Presenting their findings at the annual meeting of the Society for Neuroscience in San Diego earlier this week, scientists from a firm called Alkahest described how they injected blood samples from 18-year-old humans into 12-month-old mice, which is the equivalent of 50 human years.

Prior to the experiment, the mice had been exhibiting signs of old age, achieving lower scores on memory and cognition test than sprightlier rodents, while also moving more slowly.

Yet after receiving the injections, they began to run around with the same vigor as three-month-old mice, New Scientist reports. Their memory improved too, and they began to outperform untreated mice on tests that required them to learn and remember their way around a maze.

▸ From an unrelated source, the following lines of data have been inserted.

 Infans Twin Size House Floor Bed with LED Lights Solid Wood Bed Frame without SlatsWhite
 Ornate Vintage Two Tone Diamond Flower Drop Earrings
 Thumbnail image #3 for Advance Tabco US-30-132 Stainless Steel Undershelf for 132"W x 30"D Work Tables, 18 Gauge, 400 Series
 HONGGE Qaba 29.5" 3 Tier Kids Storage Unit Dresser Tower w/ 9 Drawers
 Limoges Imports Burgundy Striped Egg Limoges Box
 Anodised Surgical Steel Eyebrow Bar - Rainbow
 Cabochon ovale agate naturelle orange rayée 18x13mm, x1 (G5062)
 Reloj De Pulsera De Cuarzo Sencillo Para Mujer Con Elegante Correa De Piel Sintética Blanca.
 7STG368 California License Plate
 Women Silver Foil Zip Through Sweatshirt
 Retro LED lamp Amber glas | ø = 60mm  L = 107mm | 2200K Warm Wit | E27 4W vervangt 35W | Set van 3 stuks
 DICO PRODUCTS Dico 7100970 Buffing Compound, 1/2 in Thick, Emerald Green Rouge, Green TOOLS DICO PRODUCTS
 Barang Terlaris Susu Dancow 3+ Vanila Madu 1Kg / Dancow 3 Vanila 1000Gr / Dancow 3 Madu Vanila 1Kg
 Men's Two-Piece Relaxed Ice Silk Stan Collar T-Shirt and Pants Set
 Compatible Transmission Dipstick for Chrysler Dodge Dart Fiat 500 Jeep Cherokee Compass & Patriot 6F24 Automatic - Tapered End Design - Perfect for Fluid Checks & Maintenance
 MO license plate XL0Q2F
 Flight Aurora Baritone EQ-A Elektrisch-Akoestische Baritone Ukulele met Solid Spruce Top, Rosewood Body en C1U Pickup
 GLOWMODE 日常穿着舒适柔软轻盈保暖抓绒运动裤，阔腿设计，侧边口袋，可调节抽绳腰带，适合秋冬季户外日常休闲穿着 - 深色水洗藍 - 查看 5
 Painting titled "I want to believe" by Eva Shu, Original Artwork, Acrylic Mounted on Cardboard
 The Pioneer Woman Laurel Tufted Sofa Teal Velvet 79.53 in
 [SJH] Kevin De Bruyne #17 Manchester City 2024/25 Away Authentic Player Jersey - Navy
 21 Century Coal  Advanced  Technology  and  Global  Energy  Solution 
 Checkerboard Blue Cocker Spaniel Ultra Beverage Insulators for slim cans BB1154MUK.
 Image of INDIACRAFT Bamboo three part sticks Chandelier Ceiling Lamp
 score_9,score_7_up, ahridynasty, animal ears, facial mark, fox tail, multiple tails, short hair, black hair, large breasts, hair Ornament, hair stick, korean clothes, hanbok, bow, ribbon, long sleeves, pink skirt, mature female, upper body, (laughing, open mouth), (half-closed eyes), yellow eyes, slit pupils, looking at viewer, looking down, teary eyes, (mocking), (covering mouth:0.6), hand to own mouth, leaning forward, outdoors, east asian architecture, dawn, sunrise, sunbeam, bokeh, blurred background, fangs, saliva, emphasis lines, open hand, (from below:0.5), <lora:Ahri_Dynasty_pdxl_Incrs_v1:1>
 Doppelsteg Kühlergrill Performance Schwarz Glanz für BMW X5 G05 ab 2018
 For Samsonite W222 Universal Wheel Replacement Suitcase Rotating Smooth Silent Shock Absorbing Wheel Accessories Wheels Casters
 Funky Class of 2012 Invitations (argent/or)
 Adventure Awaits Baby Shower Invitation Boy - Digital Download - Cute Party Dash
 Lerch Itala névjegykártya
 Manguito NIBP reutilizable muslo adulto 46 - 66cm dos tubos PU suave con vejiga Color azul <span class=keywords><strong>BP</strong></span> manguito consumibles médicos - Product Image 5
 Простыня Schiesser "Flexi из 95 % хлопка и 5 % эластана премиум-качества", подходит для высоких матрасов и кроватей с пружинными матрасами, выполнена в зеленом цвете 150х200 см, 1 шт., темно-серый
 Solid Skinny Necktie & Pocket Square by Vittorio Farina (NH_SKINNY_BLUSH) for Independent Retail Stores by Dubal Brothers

Blood plasma is the liquid in which blood cells are suspended, and also contains minerals, salts, and a number of proteins. While Alkahest’s researchers say they have identified some of the proteins in young plasma that are responsible for this rejuvenating effect, they are remaining tight-lipped for now over which ones they are.

Yet they are willing to reveal that the plasma injections stimulated neurogenesis, meaning new neurons were born in the brains of these mice. All of these new brain cells were located in the hippocampus, which plays a major role in the formation of memories.

The team therefore believe that blood plasma from young donors may help to treat age-related cognitive decline and even Alzheimer’s disease, and have already begun a clinical trial to investigate whether or not this is indeed the case.